Je puis ajouter ici, afin de n’avoir plus à m’occuper des papilles, qu’elles ne sécrètent pas de liqueur, mais qu’elles se laissent facilement traverser par différents fluides ; ainsi, quand on plonge des feuilles mortes ou vivantes dans une solution composée d’une partie de chlorure d’or ou d’azotate d’argent et de 437 parties d’eau, les papilles noircissent rapidement, et la décoloration s’étend bien vite aux tissus environnants. Les longs poils multicellulaires ne sont pas affectés aussi rapidement. Après une immersion de dix heures dans une faible infusion de viande crue, les cellules des papilles avaient évidemment absorbé des matières animales ; car, au lieu de contenir une liqueur limpide, elles contenaient alors de petites masses agglutinées de protoplasma, qui changeaient constamment mais lentement de forme.

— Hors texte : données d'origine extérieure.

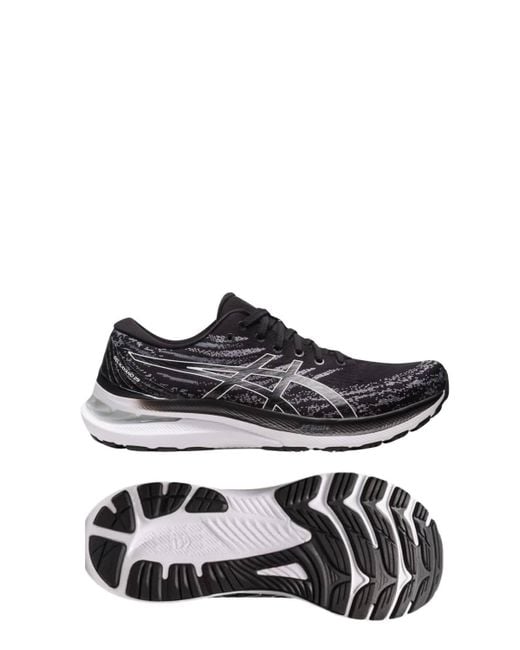 Asics Black Gel-kayano 29 Running Shoes - D/medium Width for men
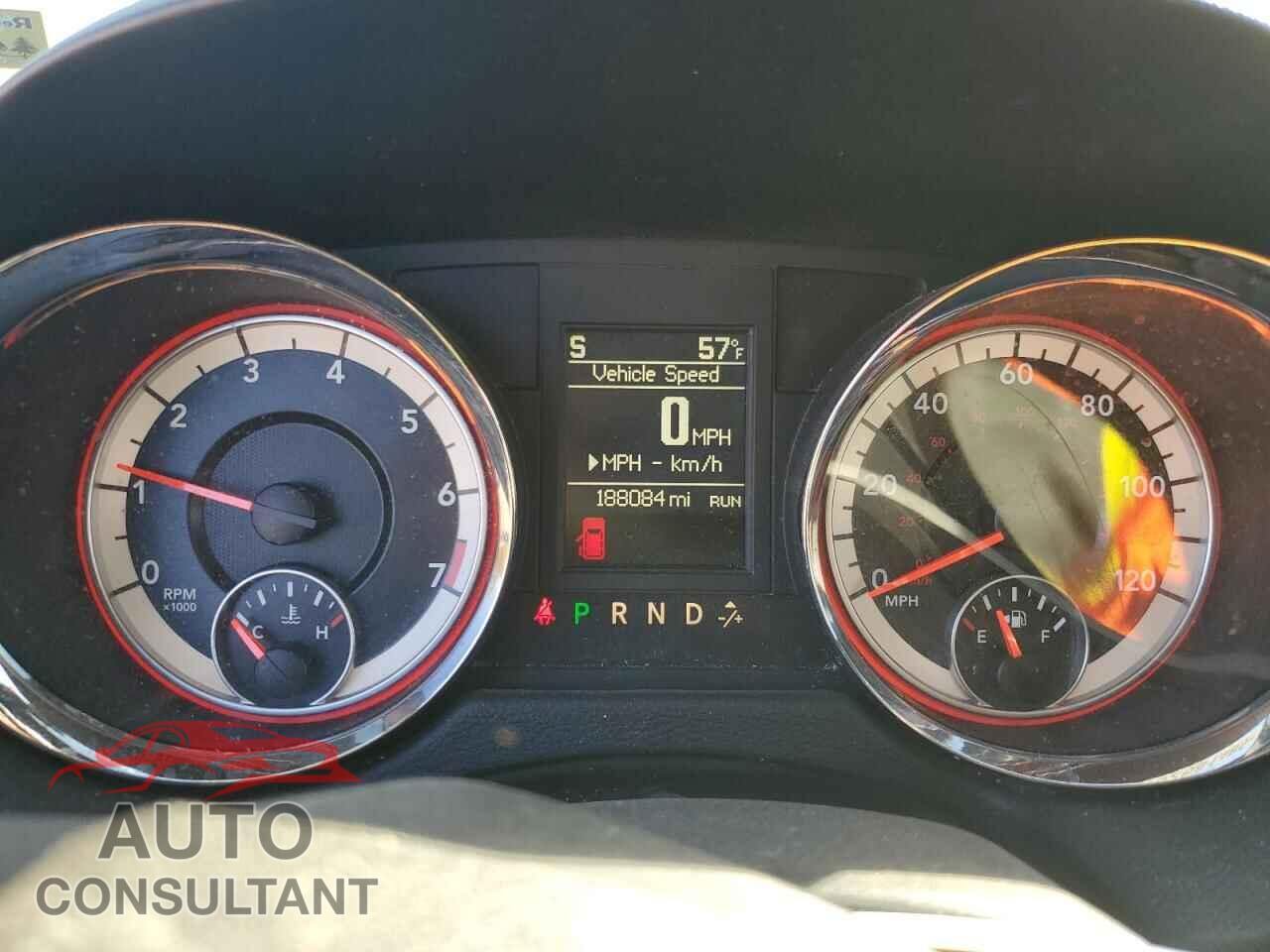 DODGE CARAVAN 2017 - 2C4RDGCGXHR607215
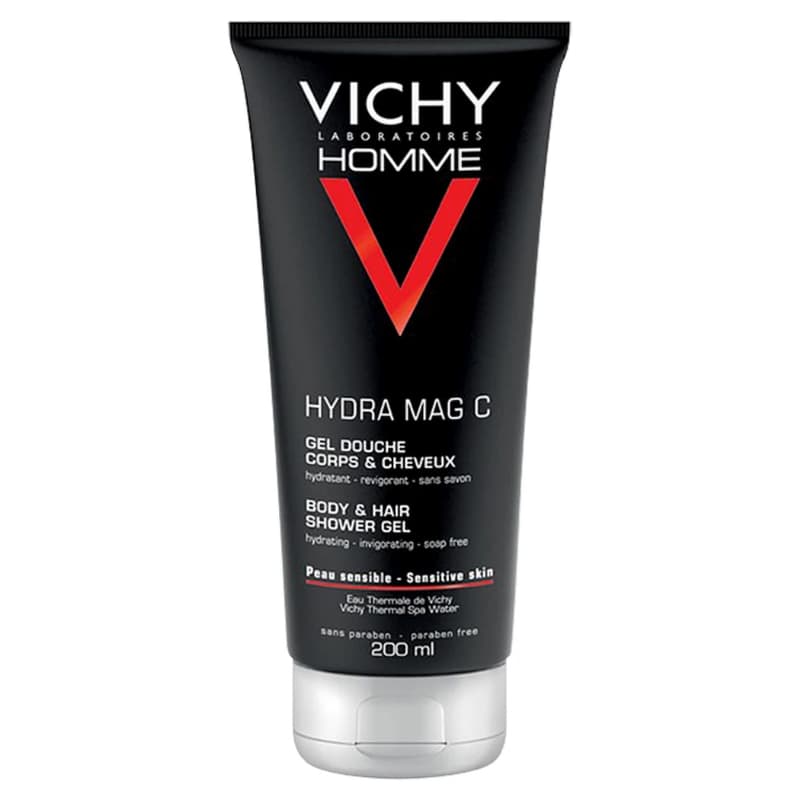 VICHY HOMME Hydra Mag Shower Gel 200ml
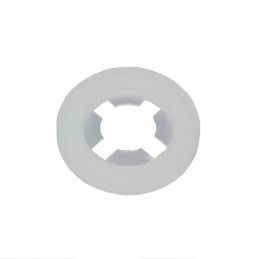 1 pcs : 16FWRT312032 - RETAINING WASHER, NATURAL, NYLON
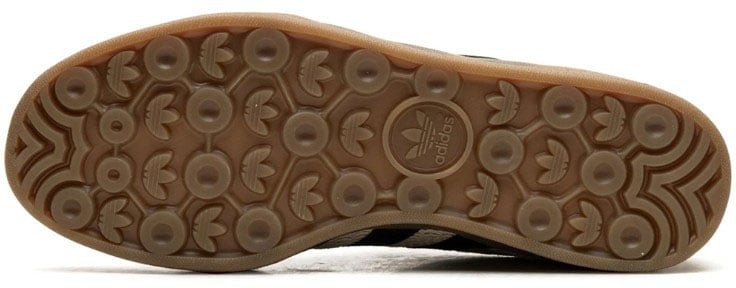 Adidas Adidas Gazelle Indoor Aluminium Core Black Wit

On obtient le même résultat par une immersion de quinze minutes seulement, dans une solution d’une partie de carbonate d’ammoniaque et de 218 parties d’eau ; les cellules avoisinant les tentacules sur lesquels reposent les papilles, contiennent alors aussi des masses agglutinées de protoplasma. Nous pouvons conclure de ces faits que, lorsqu’une feuille s’est complètement refermée sur un insecte qu’elle vient de saisir de la façon que nous allons décrire, les papilles

  1. Nitschke a admirablement décrit et figuré ces papilles ; Bot. Zeitung, 8611, p. 234, 253, 254.